Hermanus is a town that has fully embraced its status as South Africa’s chief whale watching destination. Every year, the season is celebrated with the Hermanus Whale Festival, where live music, sizzling food trucks and art and craft stalls are accompanied by educational exhibits on marine life and conservation. There’s even a town Whale Crier, who stands watch on the waterfront and blows into a dry kelp horn whenever a whale surfaces.
Joining a boat trip is the best way to get close to the whales — both southern right and resident Bryde’s whales frequent the bay, fluking and spouting right before your eyes. You might also glimpse humpbacks, which sometimes pass by on their way to the east coast, as well as dolphins, sea lions and Cape fur seals.

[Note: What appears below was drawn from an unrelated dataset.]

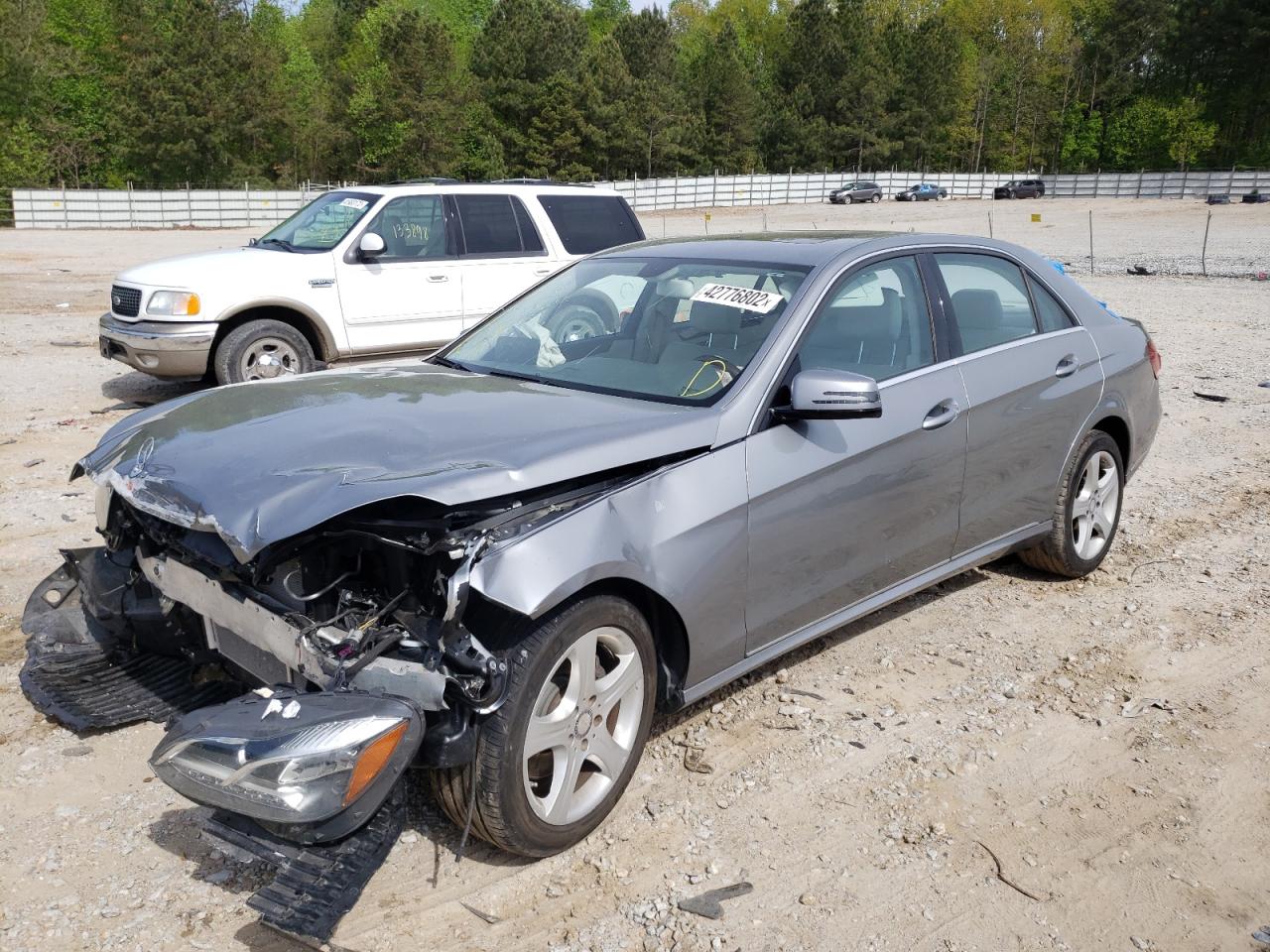 Photo 2 from auction – 2014 MERCEDES-BENZ E 350 4MAT with VIN WDDHF8JB6EA900148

You don’t have to be waterborne to see them, though. Between Hermanus’s New Harbour in the west and Piet-se-Bos in the east, you can follow a 12 km (7.5 mile) coastal path along the clifftops. From this lofty position, you have undisturbed views over the ocean and of any marine life that’s in passing. Viewing benches are spaced strategically along the coast, and you often don’t need binoculars for a clear sighting.

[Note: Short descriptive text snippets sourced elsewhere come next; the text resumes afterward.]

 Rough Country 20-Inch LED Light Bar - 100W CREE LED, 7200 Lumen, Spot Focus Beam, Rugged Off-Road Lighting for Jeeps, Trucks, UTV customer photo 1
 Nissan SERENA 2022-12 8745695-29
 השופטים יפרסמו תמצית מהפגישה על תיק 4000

Your stay in Hermanus needn’t have a single focus. You can also join a ‘wine safari’ to the nearby Hemel en Aarde (Heaven on Earth) Valley. Here, the clay-rich soil and high altitude ensures vines thrive, producing wines to rival any of the more prominent Winelands’ exponents, particularly pinot noirs.
You travel in an open-sided safari vehicle through mountainous terrain, hopping on and off at different wineries to spend as long as you like sampling (and, perhaps, purchasing) their finest tipples. The area is also winning renown for its food, and you might like to lunch in one of the restaurants that have opened up within the wine estates.

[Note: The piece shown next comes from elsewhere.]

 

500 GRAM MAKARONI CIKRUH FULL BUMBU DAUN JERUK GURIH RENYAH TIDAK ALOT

Hermanus is backed by Fernkloof Nature Reserve, which spreads across the Kleinrivier Mountains. Here, you can walk among rare heather-like fynbos vegetation, following some of the 60 km (37 miles) of trails. As you wander, look out for wildlife such as rock hyraxes (known locally as dassies), mongooses, baboons and Cape grysbok.
Best time to visit Hermanus
While you can see marine life year-round from Hermanus, the main whale watching season lasts from June to November. Predictably, the town does get busy during this time, so it’s best to plan well ahead if you’d like to visit during these months.